# high density loads



## rugershooter1234 (Apr 24, 2005)

is the new high density loads and hevi shot worth the price.


----------



## Militant_Tiger (Feb 23, 2004)

From everything that i've heard, its definately worth it but you might be able to load them yourself for a good bit less.


----------



## goose killer (Mar 26, 2004)

It is worth it in some ways if you can't get the birds within 20-40 then i would use it but it could get expensive. Don't buy in case you have to because it is so expensive and it is not the best.


----------



## oklahomawatrfwlr (Jan 31, 2005)

:withstupid:


----------



## BandHunter (Dec 17, 2003)

There is no comparison, the stuff kills better. Is it worth the money? I believe so.. The Bismuth and Hevi Shot loads are the best out there, I would say the edge goes to Hevi Shot.. I myself can not afford to shoot more then a few boxes a year..If I did have that kind of disposible income that is what I would take to shoot all the time.,Just comes down to if you have the money or not..Just my 2 cents..
Bandhunter


----------



## jhegg (May 29, 2004)

It just depends if you want to buy your feed oats before or after they have been through the horse. :-?


----------



## jeep_guy_4x4 (Apr 11, 2005)

They are specially buffered to ensure a tight pattern, and the superior lethality of Hevi shot pellets lets you shoot a smaller pellet size in order to send substantially more pellets after your bird.

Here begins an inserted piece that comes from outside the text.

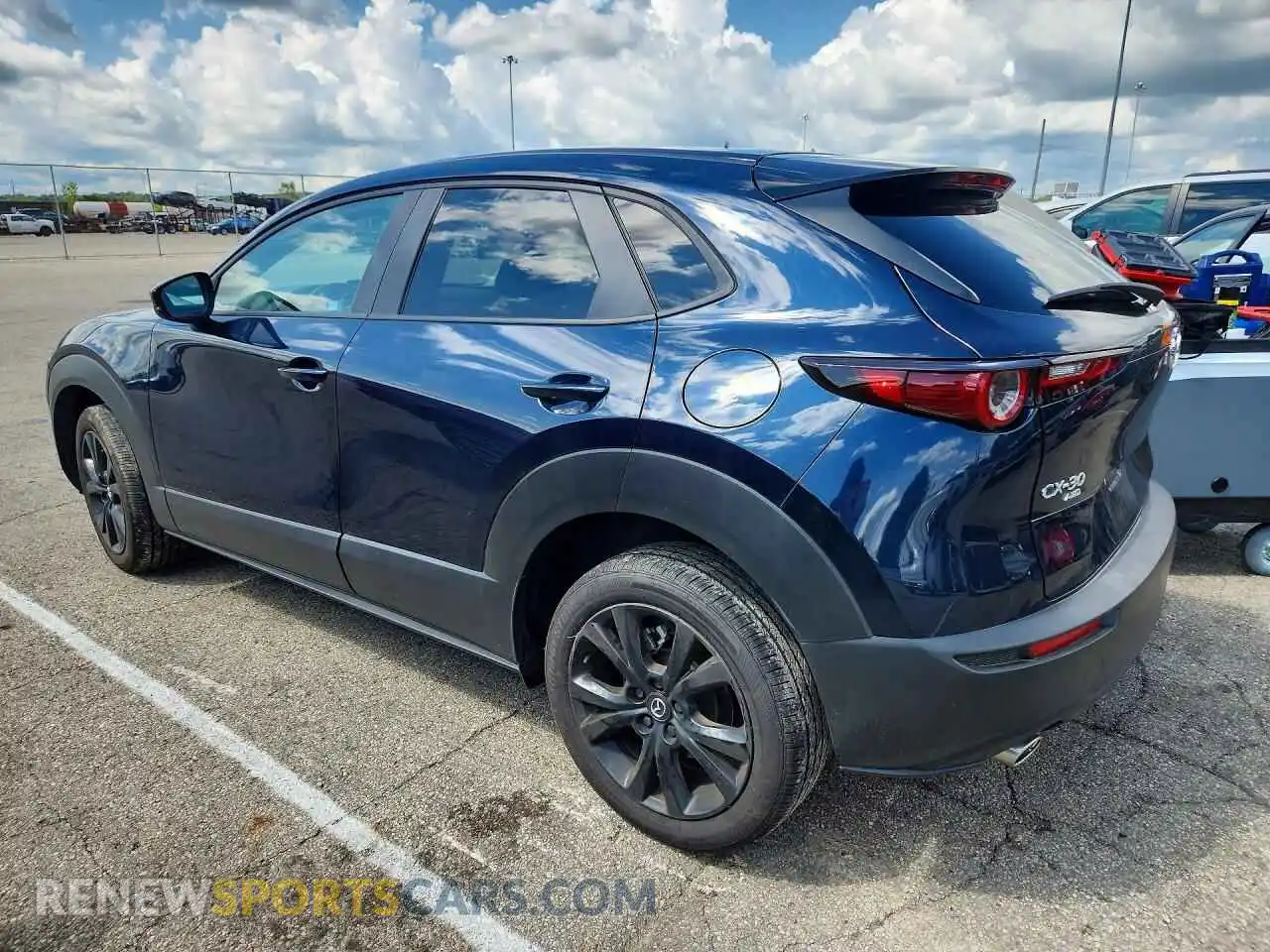 2 fotografías del automóvil dañado 3MVDMBBL5TM138769 MAZDA CX30 2026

example I used to shoot a 12 guage #4 3" mag with 161 pellets....

Now I shoot a 12 guage #6 3" mag and send 297 pellets down range.....

@ 40 yards the Hevi shot retains 70% of the pellets...thats 202 pellets....

steel doen't retain and pattern as well..even if it did retain up to 70% at 40 yards you would only have 112 pellets.....

this was my main reason to switch...I didn't switch because I want to pop ducks beyond 35 yards....

Next best thing to lead.....


----------



## jhegg (May 29, 2004)

jeep guy, 
best thing besides lead :beer:


----------